Elected in 1904 to a full term, Roosevelt continued to promote progressive policies, but many of his efforts and much of his legislative agenda were eventually blocked in Congress. Roosevelt successfully groomed his close friend, William Howard Taft, to succeed him in the presidency. After leaving office, Roosevelt went on safari in Africa and toured Europe. Returning to the U.S., he became frustrated with Taft’s approach as his successor. He tried but failed to win the presidential nomination in 1912. Roosevelt founded his own party, the Progressive, so-called “Bull Moose” Party, and called for wide-ranging progressive reforms. The split among Republicans enabled the Democrats to win both the White House and a majority in the Congress in 1912. The Democrats in the South had also gained power by having disenfranchised most blacks (and Republicans) from the political system from 1890 to 1908, fatally weakening the Republican Party across the region, and creating a Solid South dominated by their party alone. Republicans aligned with Taft nationally would control the Republican Party for decades.
Frustrated at home, Roosevelt led a two-year expedition in the Amazon Basin, nearly dying of tropical disease. During World War I, he opposed President Woodrow Wilson for keeping the U.S. out of the war against Germany, and offered his military services, which were never summoned. Although planning to run again for president in 1920, Roosevelt suffered deteriorating health and died in early 1919. Roosevelt has consistently been ranked by scholars as one of the greatest U.S. presidents. Historians admire Roosevelt for rooting out corruption in his administration, but are critical of his 1909 libel lawsuits against the World and the News. Large corporate funding to the Republicans in the 1904 election continued to be a source of controversy for Roosevelt during his second term of office and in his 1912 Republican presidential nomination bid. His face was carved into Mount Rushmore alongside those of George Washington, Thomas Jefferson, and Abraham Lincoln.
Check out these quotes from Theodore Roosevelt
“Nothing in this world is worth having or worth doing unless it means effort, pain, difficulty.”
“To sit home, read one’s favorite paper, and scoff at the misdeeds of the men who do things is easy, but it is markedly ineffective. It is what evil men count upon the good men’s doing.”

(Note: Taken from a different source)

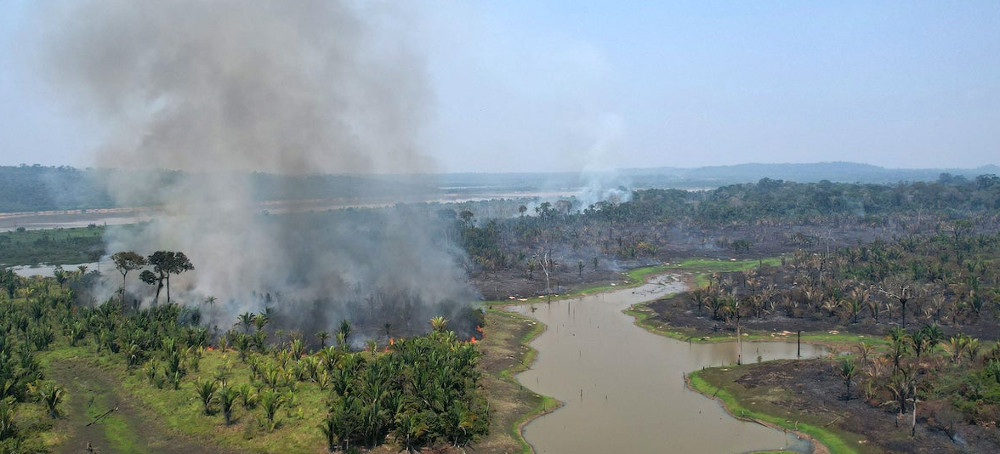 Much Of The Amazon Rainforest Has Hit A Tipping Point And Might Not ...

“A soft, easy life is not worth living, if it impairs the fibre of brain and heart and muscle. We must dare to be great; and we must realize that greatness is the fruit of toil and sacrifice and high courage… For us is the life of action, of strenuous performance of duty; let us live in the harness, striving mightily; let us rather run the risk of wearing out than rusting out.”

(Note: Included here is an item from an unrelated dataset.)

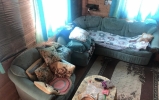 Продажа, Дача, Бельское, ул.снт "Компьютер" по цене 950 000 руб - фото 1 - фото 2 - фото 3 - фото 4 - фото 5 - фото 6 - фото 7 - фото 8 - фото 9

“I don’t pity any man who does hard work worth doing. I admire him. I pity the creature who does not work, at whichever end of the social scale he may regard himself as being.”
“We must show, not merely in great crises, but in the everyday affairs of life, the qualities of practical intelligence, of courage, of hardihood, and endurance, and above all the power of devotion to a lofty ideal, which made great the men who founded this Republic in the days of Washington, which made great the men who preserved this Republic in the days of Abraham Lincoln.”
“Unless a man is master of his soul, all other kinds of mastery amount to little.”